Mattias Guyomar : La responsabilité va de pair avec l’indépendance judiciaire, principe cardinal dont je serai le gardien inflexible pendant toute la durée de mon mandat. L’indépendance de la Cour et celle des juges sont la clé de l’État de droit. Or il n’y a pas d’indépendance sans responsabilité. Il faut être capable d’assumer ses responsabilités et d’expliquer ce que l’on fait. Depuis sa création en 1959, la Cour a tranché plus d’un million d’affaires qui concernent la vie de tous les jours, des petites et des grandes questions, qui, dès lors qu’elles touchent aux droits humains, sont toutes fondamentales. Nous devons assumer le rôle qui a été confié à la Cour il y a 75 ans. Cette responsabilité nous oblige. Le jeu démocratique est un système d’équilibre et de complémentarité entre les pouvoirs. Pour qu’il fonctionne bien, chacun doit rendre des comptes ainsi que le rappelle l’article 15 de la Déclaration des droits de l’Homme et du citoyen de 1789, qui précise que chaque agent public doit rendre des comptes. Cela ne signifie pas qu’il faille se justifier ou être sur la défensive, mais simplement expliquer le rôle de l’institution, les moyens dont elle dispose, et ce qu’elle en fait. Cela revient également à expliquer la doctrine de l’instrument vivant. Faire comprendre le système de la Cour et si possible susciter l’adhésion pour que le système perdure : telle est ma feuille de route.

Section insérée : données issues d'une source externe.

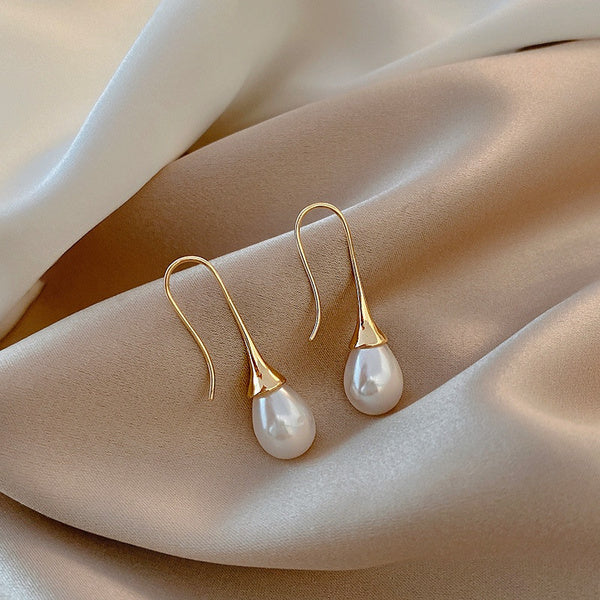 Beautiful Pearl Earring with Unique Style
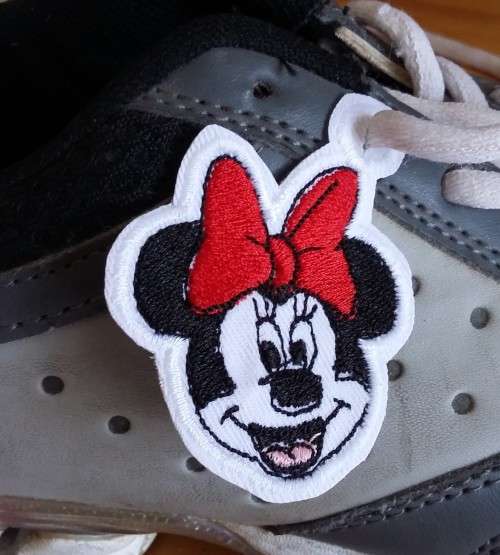 Minnie Mouse Tekkie charm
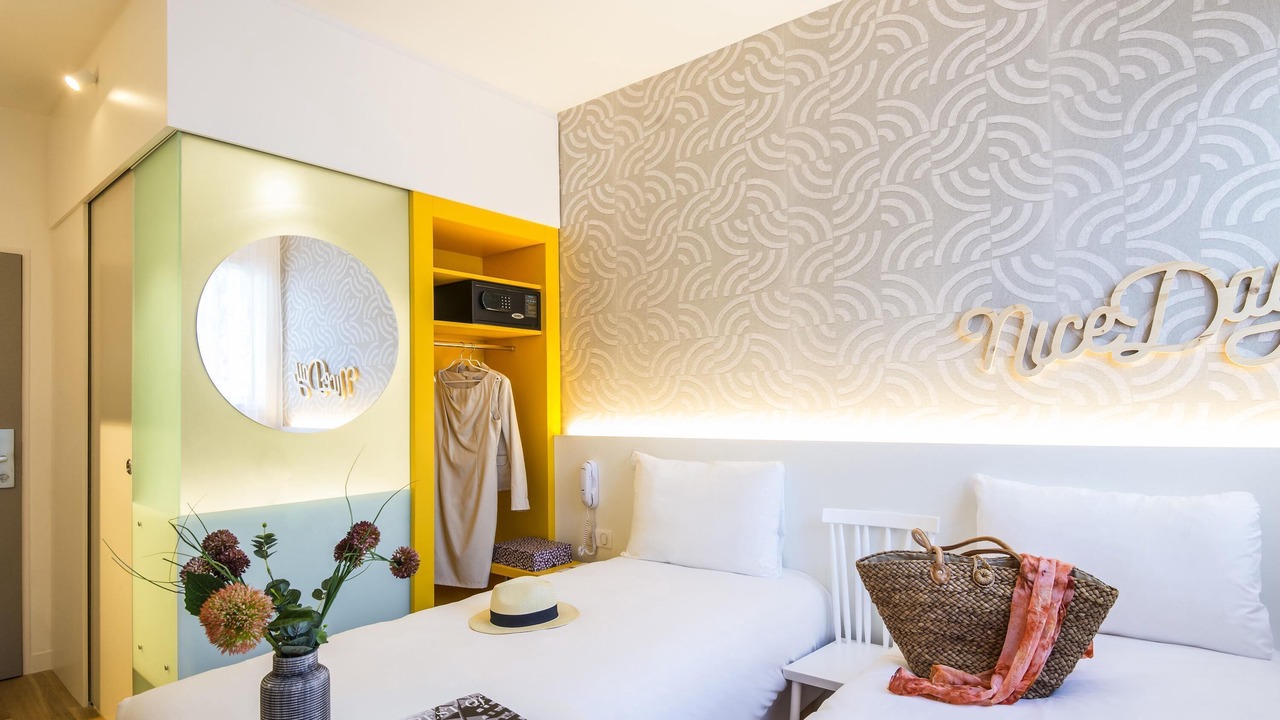 Photo of Bedroom in Saint-Laurent-du-Var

AJ : En quoi consiste cette doctrine de l’instrument vivant ?
Mattias Guyomar : Certains ne la comprennent pas, d’autres la comprennent mal. La doctrine de l’instrument vivant est inscrite dans le préambule de la Convention. Ses auteurs avaient fait le choix de retenir, pour la définition des droits garantis, des énoncés généraux afin que le juge puisse être à même d’en actualiser la portée. Le choix des Pères fondateurs a été de permettre aux juges de la Cour non seulement de sauvegarder les droits mais aussi de les développer, dans le cadre de la garantie collective et mutuelle qui leur a été confiée du respect des droits humains, et d’une supervision subsidiaire. Pour développer les droits humains, il faut faire de la Convention une interprétation dynamique, contextualisée. Nous le faisons lorsque nous traitons des questions de nouvelles technologies, de bioéthique, de surveillance de masse, de justice climatique : autant de questions qui, évidemment, n’étaient pas à l’agenda en 1950. Mais il était ainsi attendu, dès sa conception, que le système de la Convention et en particulier la Cour puissent apporter des réponses appropriées aux défis futurs. Ce dynamisme interprétatif constitue le premier volet de la doctrine de l’instrument vivant.
Le second volet renvoie à la capacité de la Cour à rendre la justice dans un contexte donné. Loin d’être l’expression d’un activisme judiciaire qui serait politique ou finaliste, l’instrument vivant consiste ainsi à ancrer l’activité de la Cour dans le moment présent. Le juge doit savoir tenir compte de l’état du monde, de l’Europe et de la société, même s’il lui revient de ne trancher l’affaire dont il est saisi qu’en droit. La justice est située et le juge doit l’assumer.
AJ : Pourquoi cette doctrine de l’instrument vivant est-elle contestée ?
Mattias Guyomar : Les originalistes entendent s’en tenir à lettre de la Convention telle qu’elle a été rédigée il y a 75 ans. À l’inverse, les pragmatiques se réclament du réalisme judiciaire et tentent de répondre aux questions qui leur sont soumises par les requérants, de manière effective et sans aucun a priori. Ceux qui contestent la doctrine de l’instrument vivant se trompent deux fois. Premièrement, parce qu’ils reprochent aux pragmatiques d’être dogmatiques alors que c’est tout le contraire. Deuxièmement, parce qu’ils reprochent aux pragmatiques d’être hors-sol alors même qu’ils s’efforcent d’inscrire leur mission judiciaire dans le contexte actuel. Les juges, piliers de l’État de droit, sont au soutien de la démocratie. À cet égard, il est vital d’assurer la pérennité et l’efficacité du système de protection européenne des droits humains.